During the 1960s and 1970s, behavioral psychology was extremely influential in education, particularly in special education. This system usually required the collection of baseline data over a period of time to establish the typical behavior of a pupils, sometimes lasting one or two weeks. After the baseline data was collected, the teacher would decide what intervention strategy to use, such as rewarding certain behaviors, ignoring certain behaviors, using time out, and collecting data for a period of time during which the "treatment" or intervention was in use. Comparison of the child's baseline behavior with intervention data, shown on a graph or chart, was the basis for making determinations about the effectiveness of the treatment.
Many schools are using student-centered models of instruction guided by such educational philosophies as "cooperative learning," "reflective teaching," "multiple intelligences," and "constructivism." A student-centered curriculum is based on the principle that learners must be engaged in appropriate instructional activities for growth, development, and learning, and such activities must be matched to the needs of each learner and---to the maximum extent possible---directed by the learner. When the focus is on the learner and not a uniform curriculum, educators must use a wide variety of instructional approaches individualized for each student. By necessity this requires a different orientation to student assessment.
Increasingly, performance-based assessments have been used to show what children have learned and to encourage higher levels of achievement, although many groups are critical of this movement and put pressure on school boards and state legislatures to prevent it. With this emerging view, the purpose of assessment is regarded as a way to provide teachers with information to improve learning, not to use test results to award grades or compare students. For performance-based assessment to be useful for improved learning, it must be valid and reliable. A good assessment program can help show strengths and weaknesses, motivate students, and provide useful information for students, teachers, and administrators. A learner-centered approach actively involves the learner in all aspects from planning to evaluation.
The terms assessment, testing, measurement, and evaluation are used almost synonymously, but each actually has a unique meaning. A test is an instrument or a procedure to determine how well a student performs in contrast with others or with performance tasks.
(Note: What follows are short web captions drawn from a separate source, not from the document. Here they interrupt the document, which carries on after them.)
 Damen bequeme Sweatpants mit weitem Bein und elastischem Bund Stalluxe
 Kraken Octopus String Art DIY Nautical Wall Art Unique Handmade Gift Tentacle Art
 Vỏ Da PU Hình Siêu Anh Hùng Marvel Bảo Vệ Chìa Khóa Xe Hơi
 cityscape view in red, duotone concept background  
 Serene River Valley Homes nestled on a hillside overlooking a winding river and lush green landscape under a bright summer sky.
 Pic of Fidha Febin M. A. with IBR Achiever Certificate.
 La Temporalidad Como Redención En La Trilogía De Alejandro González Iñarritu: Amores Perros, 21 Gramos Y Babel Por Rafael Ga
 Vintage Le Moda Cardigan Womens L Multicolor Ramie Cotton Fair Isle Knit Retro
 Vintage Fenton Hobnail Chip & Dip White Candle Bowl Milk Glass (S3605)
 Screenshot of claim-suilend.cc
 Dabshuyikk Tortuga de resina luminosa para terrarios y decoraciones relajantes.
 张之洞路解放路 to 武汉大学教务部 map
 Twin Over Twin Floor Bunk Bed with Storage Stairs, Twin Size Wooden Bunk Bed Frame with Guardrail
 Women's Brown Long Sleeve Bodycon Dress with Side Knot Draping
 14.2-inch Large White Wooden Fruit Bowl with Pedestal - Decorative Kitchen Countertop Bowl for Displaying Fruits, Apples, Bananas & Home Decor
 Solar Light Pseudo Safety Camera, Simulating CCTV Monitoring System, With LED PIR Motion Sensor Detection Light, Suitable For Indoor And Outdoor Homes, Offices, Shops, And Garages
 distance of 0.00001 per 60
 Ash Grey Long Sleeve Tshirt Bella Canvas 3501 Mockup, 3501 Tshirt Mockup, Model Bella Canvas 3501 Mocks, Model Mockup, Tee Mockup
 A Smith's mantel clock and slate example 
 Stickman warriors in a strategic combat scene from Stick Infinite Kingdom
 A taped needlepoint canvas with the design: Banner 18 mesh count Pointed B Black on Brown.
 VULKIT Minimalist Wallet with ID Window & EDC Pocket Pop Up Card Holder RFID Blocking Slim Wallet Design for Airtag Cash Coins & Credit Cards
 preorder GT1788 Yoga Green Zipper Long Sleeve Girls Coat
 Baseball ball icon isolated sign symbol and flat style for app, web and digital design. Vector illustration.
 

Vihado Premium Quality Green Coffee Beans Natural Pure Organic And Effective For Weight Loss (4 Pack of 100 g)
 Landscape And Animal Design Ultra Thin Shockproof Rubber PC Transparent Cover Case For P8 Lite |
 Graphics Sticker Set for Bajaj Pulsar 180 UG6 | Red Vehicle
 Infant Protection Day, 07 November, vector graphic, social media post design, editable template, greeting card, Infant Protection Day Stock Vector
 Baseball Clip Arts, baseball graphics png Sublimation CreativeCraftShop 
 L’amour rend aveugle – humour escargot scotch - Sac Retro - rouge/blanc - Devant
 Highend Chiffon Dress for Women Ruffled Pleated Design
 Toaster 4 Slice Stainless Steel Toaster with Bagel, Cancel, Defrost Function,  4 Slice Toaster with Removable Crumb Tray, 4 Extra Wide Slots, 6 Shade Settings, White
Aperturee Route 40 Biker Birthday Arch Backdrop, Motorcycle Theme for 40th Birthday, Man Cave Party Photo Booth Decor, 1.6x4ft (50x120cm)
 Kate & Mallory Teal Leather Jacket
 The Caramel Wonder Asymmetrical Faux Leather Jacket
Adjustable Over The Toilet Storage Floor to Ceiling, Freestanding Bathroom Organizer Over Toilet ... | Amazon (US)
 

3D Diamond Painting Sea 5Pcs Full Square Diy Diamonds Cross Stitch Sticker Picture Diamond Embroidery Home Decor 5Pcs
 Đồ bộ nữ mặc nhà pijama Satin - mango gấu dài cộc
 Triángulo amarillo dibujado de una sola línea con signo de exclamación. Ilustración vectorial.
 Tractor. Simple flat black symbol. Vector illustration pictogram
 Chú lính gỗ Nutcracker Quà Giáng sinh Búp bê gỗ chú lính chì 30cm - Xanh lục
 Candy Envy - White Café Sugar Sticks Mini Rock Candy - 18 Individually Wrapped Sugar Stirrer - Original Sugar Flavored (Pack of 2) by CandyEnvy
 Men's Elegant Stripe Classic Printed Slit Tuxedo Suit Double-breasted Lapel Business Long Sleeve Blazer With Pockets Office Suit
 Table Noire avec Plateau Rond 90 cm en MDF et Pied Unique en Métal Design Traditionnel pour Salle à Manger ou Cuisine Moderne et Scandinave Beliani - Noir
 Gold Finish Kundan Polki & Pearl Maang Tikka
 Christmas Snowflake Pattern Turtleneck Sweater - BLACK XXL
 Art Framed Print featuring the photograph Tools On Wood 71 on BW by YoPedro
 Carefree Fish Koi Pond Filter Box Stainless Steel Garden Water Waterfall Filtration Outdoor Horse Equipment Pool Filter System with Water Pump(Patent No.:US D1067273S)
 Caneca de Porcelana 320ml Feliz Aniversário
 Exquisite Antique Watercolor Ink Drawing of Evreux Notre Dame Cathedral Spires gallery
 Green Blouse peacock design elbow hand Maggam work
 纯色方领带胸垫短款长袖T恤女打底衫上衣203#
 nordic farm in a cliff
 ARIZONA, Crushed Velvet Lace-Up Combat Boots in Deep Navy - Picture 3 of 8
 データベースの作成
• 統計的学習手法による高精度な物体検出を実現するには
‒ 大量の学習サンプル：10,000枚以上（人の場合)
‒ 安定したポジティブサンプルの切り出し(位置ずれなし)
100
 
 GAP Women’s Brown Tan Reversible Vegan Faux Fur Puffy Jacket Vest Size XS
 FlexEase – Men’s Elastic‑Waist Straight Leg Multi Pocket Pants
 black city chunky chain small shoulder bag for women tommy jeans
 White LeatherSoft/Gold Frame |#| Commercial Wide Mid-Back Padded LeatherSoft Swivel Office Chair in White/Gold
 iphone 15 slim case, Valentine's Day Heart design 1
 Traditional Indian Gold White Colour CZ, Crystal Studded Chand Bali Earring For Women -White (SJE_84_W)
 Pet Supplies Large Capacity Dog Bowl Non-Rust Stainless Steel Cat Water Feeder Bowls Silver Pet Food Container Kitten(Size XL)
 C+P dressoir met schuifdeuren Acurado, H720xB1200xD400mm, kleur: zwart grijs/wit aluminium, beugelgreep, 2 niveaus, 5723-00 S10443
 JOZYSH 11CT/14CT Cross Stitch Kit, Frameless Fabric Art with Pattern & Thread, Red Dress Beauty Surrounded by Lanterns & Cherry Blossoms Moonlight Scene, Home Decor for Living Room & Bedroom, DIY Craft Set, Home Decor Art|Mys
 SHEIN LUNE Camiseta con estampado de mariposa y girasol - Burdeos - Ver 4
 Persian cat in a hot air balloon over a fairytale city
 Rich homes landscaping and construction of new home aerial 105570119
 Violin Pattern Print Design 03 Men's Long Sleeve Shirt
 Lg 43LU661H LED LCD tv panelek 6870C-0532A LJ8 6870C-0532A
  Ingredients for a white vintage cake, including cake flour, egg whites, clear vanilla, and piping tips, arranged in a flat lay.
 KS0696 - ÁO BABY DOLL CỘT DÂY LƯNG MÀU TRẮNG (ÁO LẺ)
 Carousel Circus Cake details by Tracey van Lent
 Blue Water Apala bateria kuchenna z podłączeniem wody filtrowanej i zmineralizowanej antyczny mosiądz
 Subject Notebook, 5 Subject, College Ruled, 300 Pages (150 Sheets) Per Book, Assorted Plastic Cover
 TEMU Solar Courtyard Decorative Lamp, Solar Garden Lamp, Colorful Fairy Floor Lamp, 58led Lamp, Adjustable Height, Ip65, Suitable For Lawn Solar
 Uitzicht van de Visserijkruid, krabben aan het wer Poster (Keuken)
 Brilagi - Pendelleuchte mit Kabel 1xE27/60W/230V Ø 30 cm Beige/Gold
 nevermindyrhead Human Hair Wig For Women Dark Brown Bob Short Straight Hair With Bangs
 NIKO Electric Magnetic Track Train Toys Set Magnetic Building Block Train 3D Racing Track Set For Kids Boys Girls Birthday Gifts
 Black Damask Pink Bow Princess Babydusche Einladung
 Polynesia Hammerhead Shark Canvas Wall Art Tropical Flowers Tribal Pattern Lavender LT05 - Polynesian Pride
Measurement is the degree of a trait or skill possessed by a student, according to some scoring system. Evaluation is the process of collecting and interpreting information about how well a student meets instructional objectives of the curriculum. Assessment is often used interchangeably with evaluation by many writers, although assessment can also incorporate information about the learning environment, the teacher, the home, and other factors in addition to the learner's individual characteristics.
Testing is widely used in education for many reasons, ranging from program eligibility and identification of children for special education to intermittent assessment of progress in an educational program. There may be a need to produce evidence of progress and such data may be used to make programmatic or administrative decisions. Ideally, assessment should be used in a formative way to determine how to help a child achieve objectives and goals on an incremental, daily basis. However, tests have frequently been used only in a summative way to evaluate what happened, often after it is too late to intervene.
There are generally two kinds of data used in educational assessment or evaluation, quantitative and qualitative. A quantitative measurement uses values from an instrument based on a standardized system that intentionally limits data collection to a selected or predetermined set of possible responses. Qualitative measurement is more concerned with detailed descriptions of situations or performance, hence it can be much more subjective but can also be much more valuable in the hands of an experienced teacher. Performance-based assessment in most schools is based on qualitative evaluations of student performances.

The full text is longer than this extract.